For the past 49 years, divorce rules have remained the same, with the divorce petitioner needing to prove the irretrievable breakdown of the marriage through one of five facts. Now, the guidelines are set to change from the 6th of April 2022, with the introduction of what is being referred to as ‘no fault’ divorce.

Here, we discuss the ins and outs of no fault divorce, including what no fault divorce is, why the current divorce rules under The Matrimonial Cause Act 1973 are changing, what the current divorce rules are, what the no fault divorce rules are set to be, how long no fault divorce will take and whether you should wait for no fault divorce.

For more information about ‘no fault’ divorce or to speak to one of our divorce lawyers in Newport, South Wales, please get in touch today.

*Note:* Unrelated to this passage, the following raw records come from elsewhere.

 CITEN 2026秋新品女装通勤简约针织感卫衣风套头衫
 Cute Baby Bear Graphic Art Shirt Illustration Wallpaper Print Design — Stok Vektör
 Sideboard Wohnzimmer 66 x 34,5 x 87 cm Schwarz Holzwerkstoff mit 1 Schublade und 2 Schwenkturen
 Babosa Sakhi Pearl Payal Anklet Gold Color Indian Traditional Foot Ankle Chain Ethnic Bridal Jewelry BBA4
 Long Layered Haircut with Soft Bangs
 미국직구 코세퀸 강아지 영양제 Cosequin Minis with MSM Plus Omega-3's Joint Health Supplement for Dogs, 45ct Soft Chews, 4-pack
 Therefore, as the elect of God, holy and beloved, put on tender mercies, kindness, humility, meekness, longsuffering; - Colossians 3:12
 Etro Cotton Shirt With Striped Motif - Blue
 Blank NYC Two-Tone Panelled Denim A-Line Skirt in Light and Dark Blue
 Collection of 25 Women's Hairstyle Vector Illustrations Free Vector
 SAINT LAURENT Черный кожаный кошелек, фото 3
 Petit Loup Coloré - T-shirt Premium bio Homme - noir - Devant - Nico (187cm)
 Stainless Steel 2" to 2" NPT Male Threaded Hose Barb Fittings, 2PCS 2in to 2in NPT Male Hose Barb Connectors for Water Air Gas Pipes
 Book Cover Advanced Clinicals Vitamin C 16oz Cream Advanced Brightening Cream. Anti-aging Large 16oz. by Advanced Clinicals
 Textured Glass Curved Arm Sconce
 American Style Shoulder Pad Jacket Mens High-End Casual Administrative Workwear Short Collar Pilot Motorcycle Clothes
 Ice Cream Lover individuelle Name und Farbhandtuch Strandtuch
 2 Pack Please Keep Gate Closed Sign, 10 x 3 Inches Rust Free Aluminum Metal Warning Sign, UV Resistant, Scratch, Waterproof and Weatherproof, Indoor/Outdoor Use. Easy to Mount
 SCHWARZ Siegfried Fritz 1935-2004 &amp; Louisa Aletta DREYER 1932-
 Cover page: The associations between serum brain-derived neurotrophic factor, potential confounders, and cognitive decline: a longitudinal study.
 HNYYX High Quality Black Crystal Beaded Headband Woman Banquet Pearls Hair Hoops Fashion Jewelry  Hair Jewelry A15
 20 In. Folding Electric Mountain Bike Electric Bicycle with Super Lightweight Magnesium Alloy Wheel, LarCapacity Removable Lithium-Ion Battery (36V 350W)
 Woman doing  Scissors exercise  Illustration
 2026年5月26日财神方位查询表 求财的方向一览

What are the current divorce rules?

Under the current rules of divorce, there are five available facts to prove the irretrievable breakdown of the marriage. The petitioner must choose one or more of the five facts, which will place blame on the respondent. These facts are:

  • Adultery – must be proved within six months of knowing of the adultery and cannot be used in civil partnership dissolution
  • Desertion for at least 2 years
  • Unreasonable behaviour – where you cannot be reasonably be expected to live with your spouse, examples of this can include domestic abuse, lack of sexual interaction, and countless others
  • Separation for at least 2 years – your spouse must agree to the divorce
  • Separation for at least 5 years – can be applied for without your spouse’s agreement

Why are the divorce rules changing?

No fault divorce was initially supposed to be introduced back in autumn 2021, but was pushed back to April 2022. The reason no fault divorce is being introduced by the government is to replace the current outdated divorce rules. Many professionals continue to criticise the current rules, particularly as many couples wish to divorce amicably - something the current divorce rules do not easily allow for.

What are the no fault divorce rules?

The new Divorce, Dissolution and Separation Bill changes many aspects of the current divorce rules, including:

  • Keeping the sole ground for divorce as an irretrievable breakdown of the marriage
  • Removing the five facts supporting the ground for divorce
  • Removing fault or blame
  • Removing the ability to contest a divorce, dissolution or separation  
  • Petitions can be jointly submitted – allowing for an amicable divorce
  • Changing the divorce language. For example:
    • ‘Conditional Order’ will replace ‘Decree Nisi’
    • ‘Final Order’ will replace ‘Decree Absolute’
  • Introduce a minimum of 20 week period between the divorce application and the Conditional Order
  • Keep the six week period between the Conditional Order and Final Order

How long does no fault divorce take?

The time it takes to finalise a divorce will always vary, as there are a number of factors to consider. That being said, the introduction of no fault divorce should help to streamline the process.

Where previously spouses could contest a divorce, they are no longer able to do this, meaning there is potential for a complicated divorce to take significantly less time than it once might have. However, child arrangements and financial settlements are still in the picture, which could still cause considerable conflict between separating partners.

Furthermore, the new introduction of the minimum 20-week period between the divorce application and the Conditional Order, along with the six week period between the Conditional Order and Final Order, could extend the process. Despite this, for straightforward divorces, the average time will take near enough a total of six months for the divorce to be finalised.

Should you wait for no fault divorce?

Whether you choose to wait for no fault divorce depends entirely on your circumstances and whether you believe it would be more suitable to start divorce proceedings under the current rules, particularly if you and your separating spouse have decided on an amicable divorce.

If you believe your separating spouse may retaliate and choose to oppose divorce proceedings, it may be more appropriate to wait until no fault divorce is officially introduced and where they will be unable to challenge the petition.